«Макс Герсон & Со». При том что компании на самом деле не существовало. Но она придавала фирменной табличке импозантный характер.
Фирма. В нашем доме это было магическое понятие. Если папа слишком строго наказывал меня за какой-нибудь детский проступок и я, всхлипывая, жаловался маме, ей достаточно было лишь сказать: «У него сейчас неприятности в фирме» – и я был не то чтобы утешен, но порядок в мире восстанавливался. Случалось – и это тоже было таинственным образом связано с фирмой, – папа приносил домой среди недели кусок торта в виде башни. Его полагалось – со взбитыми сливками! – съесть немедленно. Мама могла сколько угодно протестовать против того, что мальчик перебивает аппетит. Против фирмы она была бессильна.
Самое лучшее было, когда мне разрешалось сопровождать папу в контору на Ляйпцигерштрассе. Собственно портняжные работы поручались промежуточному мастеру, а тот передавал задание надомницам, и эта безликая армия работниц все выполняла где-то в северной части Берлина, но этажом выше был склад тканей и готовых товаров. Лабиринт из стеллажей, в котором было здорово играть в прятки.
Возможно, предприятие работает и по сей день. Так легко забываешь, что жизнь продолжается. Только, если фирма еще существует, она совершенно точно называется уже не «Макс Герсон & Со».
Я сижу верхом на лошадке-качалке. Я маленький и до пола достаю, только если вытяну ноги. Я качаюсь и качаюсь. Лошадка всякий раз сдвигается чуточку вперед – до тех пор, пока не упирается в стену. Я больше не могу качнуться вперед и сижу, уставившись на препятствие. На обоях маршируют гномы, выстроившись в шеренги. Вместо ружей у них на плечо закинуты цветы. Я их боюсь и начинаю плакать.
Это мое самое раннее детское воспоминание.
В какой-то момент приходит мама – но это уже не воспоминание, это мне рассказывали – и хочет развернуть меня вместе с моей деревянной лошадкой. Чтобы я снова мог скакать верхом через всю детскую комнату. Я реву еще громче и отбиваюсь. Мою лошадку нельзя поворачивать, никому нельзя. Ее можно только оттащить назад, до противоположной стены. Тогда я снова буду качаться – в ту же сторону, что и раньше. Пока опять не упрусь в стену. И снова не начну плакать.

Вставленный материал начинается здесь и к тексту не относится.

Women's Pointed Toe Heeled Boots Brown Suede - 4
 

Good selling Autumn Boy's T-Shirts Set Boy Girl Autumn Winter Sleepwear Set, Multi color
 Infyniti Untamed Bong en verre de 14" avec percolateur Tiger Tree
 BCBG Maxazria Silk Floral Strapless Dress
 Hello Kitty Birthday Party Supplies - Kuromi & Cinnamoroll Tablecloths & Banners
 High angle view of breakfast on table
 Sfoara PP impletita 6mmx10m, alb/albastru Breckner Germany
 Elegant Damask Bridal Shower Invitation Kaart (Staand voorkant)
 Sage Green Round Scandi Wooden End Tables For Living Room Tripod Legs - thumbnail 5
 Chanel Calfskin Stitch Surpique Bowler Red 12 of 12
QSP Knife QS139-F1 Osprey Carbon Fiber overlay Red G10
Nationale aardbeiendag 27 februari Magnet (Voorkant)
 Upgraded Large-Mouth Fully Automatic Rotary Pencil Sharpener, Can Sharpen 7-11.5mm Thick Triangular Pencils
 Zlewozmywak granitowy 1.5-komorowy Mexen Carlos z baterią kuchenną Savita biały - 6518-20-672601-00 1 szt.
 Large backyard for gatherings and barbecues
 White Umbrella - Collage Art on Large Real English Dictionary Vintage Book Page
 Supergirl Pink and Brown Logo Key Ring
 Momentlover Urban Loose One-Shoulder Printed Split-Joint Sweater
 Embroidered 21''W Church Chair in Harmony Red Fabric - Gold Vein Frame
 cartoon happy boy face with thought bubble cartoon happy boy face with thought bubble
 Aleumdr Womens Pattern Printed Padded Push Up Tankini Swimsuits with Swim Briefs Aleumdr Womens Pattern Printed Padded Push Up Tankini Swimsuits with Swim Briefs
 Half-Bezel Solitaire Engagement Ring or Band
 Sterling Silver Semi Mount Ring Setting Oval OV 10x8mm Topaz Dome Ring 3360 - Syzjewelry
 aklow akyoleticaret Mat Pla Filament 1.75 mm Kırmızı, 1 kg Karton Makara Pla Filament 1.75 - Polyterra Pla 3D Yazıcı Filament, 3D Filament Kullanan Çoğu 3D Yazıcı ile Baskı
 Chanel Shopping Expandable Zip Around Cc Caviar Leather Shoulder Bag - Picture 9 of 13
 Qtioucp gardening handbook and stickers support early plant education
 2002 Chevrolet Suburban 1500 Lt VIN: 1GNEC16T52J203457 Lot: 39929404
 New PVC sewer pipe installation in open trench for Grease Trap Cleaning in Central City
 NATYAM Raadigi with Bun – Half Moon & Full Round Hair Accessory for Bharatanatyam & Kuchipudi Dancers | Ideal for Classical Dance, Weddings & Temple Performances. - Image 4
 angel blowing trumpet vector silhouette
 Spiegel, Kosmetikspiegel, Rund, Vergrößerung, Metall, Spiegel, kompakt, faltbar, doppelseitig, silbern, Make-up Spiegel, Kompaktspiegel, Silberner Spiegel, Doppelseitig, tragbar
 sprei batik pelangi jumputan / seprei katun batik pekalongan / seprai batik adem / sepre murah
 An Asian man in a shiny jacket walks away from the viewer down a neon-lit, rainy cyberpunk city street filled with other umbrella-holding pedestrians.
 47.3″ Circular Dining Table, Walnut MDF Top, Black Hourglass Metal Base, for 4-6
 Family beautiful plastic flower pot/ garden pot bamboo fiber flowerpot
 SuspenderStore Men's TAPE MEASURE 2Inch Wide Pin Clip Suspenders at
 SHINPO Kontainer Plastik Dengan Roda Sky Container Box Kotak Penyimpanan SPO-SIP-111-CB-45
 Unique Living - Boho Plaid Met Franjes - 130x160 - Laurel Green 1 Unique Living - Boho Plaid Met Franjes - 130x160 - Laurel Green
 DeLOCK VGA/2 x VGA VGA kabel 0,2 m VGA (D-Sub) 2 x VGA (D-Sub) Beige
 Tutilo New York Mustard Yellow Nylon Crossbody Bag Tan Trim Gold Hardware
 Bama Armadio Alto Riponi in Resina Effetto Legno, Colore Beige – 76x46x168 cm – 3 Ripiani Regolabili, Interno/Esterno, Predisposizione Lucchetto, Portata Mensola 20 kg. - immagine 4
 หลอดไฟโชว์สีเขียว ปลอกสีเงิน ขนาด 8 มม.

– Ты делал это по двадцать раз на дню. – Если эту историю рассказывала мама, она всякий раз стучала мне по лбу указательным пальцем и прибавляла: – У тебя всегда была упрямая голова.
Когда мы покидали Берлин, лошадка-качалка осталась на чердаке дома на Клопштокштрассе. Возможно, она и сейчас там стоит. Квартиру захватил заслуженный партайгеноссе, а детей у него нет. Наш портье Хайтцендорфф. Он так высоко ценил двойное «ф» на конце своей фамилии, что все звали его Эфэф. Его жена иногда помогала маме наводить чистоту, и легко представить, что теперь она вытирает пыль с той же самой мебели с куда большей тщательностью, ведь теперь она своя. А вот папины костюмы, которые остались висеть в шкафу, толстому Эфэфу будут тесноваты.